SHIC Monitors as Pennsylvania Declares S. zooepidemicus a Dangerous Transmissible Disease

The Swine Health Information Center (SHIC) continues to monitor Streptococcus equi subspecies zooepidemicus (S. zooepidemicus) in the US. This includes recent cases in Pennsylvania where, on December 23, 2019, their Department of Agriculture designated S. zooepidemicus in swine a dangerous transmissible disease (DTD). By Pennsylvania law, the state's Department of Agriculture has authority to monitor the domestic animal population of the Commonwealth to determine the prevalence, incidence, and location of transmissible diseases of animals. The DTD designation provides legislative authority for requiring reporting of S. zooepidemicus along with penalties for noncompliance in Pennsylvania.
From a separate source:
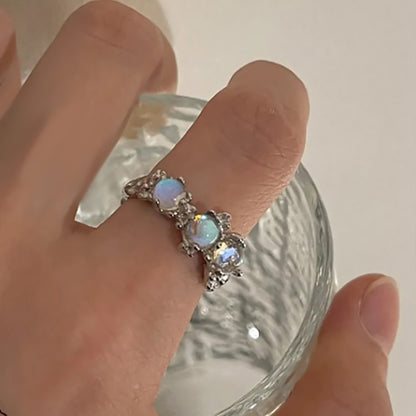 Vintage Moonstone Ring Niche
Per communication from Dr. Kevin Brightbill, Pennsylvania state veterinarian, the Pennsylvania Department of Agriculture, in conjunction with USDA Veterinary Services, is investigating the death of a cull sow with heavy growth of S. zooepidemicus. The death occurred at an approved livestock market. The adult sow was in poor condition and consigned by a small livestock dealer along with four other sows in a similar state. Tissues from the sow were submitted for African swine fever and classical swine fever surveillance purposes.

Traceback revealed the sow passed through a livestock dealer with a recent spike in mortality in their holding facility. The dealer purchased 11 cull sows from another auction and over a couple days, seven of the 11 died abruptly. Unfortunately, the dealer then marketed the four surviving sows to a large slaughter only livestock auction with one more death. The three remaining sows have been confirmed to have gone to slaughter. The traceback premises where the sows farrowed is currently under quarantine for S. zooepidemicus. The remainder of swine on the premises will be moved by permit directly to a slaughter facility with no possibility of diversion.

Dr. Brightbill said, "It was a difficult decision to list S. zooepidemicus as a DTD, however, it is a necessary step to do our part to help prevent this devastating emerging disease. Unfortunately, when there is a potential to make a dime on less than healthy cull sows and boars there is an opportunity to transfer disease along with it."